Hey everybody,
I have a question about the Surrogate Variables Analysis(SVA) implementation. I have an RNA-seq dataset counts matrix that I am piping into DESeq2 to identify differentially expressed genes. When the RNA libraries were prepared the cells were grown in batches with one wild-type strain per batch. I have included this variable into the DESeq2 ~Design as Sample_Match. To essentially explore and see if there were any other batch effects I implemented svaseq on the counts matrix and included 2 of the significant surrogate variables found to see if the results changed.
My assumption was that the surrogate variables found by svaseq would capture variations in my dataset not explained by biological variations, and thus the number of differentially expressed genes would increase.
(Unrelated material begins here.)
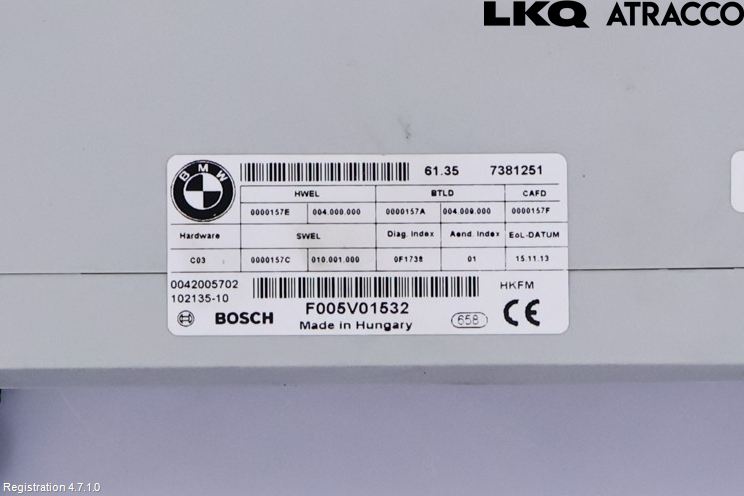BMW 3 GT F34 13-19 Styrenhet Baklucka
When I add two surrogate variables to the DESeq2 analysis two of the three genotypes have more differentially expressed genes while the third had less (~200 of the original ~1800 genes).
In this case is svaseq capturing biological variation? And am I implementing it correctly?
Relevant code below:
# Dependencies
require(Rsamtools)
require(DESeq2)
require(GenomicFeatures)
require(GenomicAlignments)
require(genefilter)
require(pheatmap)
require(RColorBrewer)
require(ggplot2)
require(sva)
require(VennDiagram)
# Import & pre-process Count Data for DESeq2----------------------------------------------------------------------------------------
# Load sample information csv
csvfile <- file.path("sample_Info.csv")
sampleTable <- read.csv(csvfile) # read csv
# Load count data (from featureCounts) and convert to matrix
countdata <- read.table("counts.txt", header=TRUE, row.names=1)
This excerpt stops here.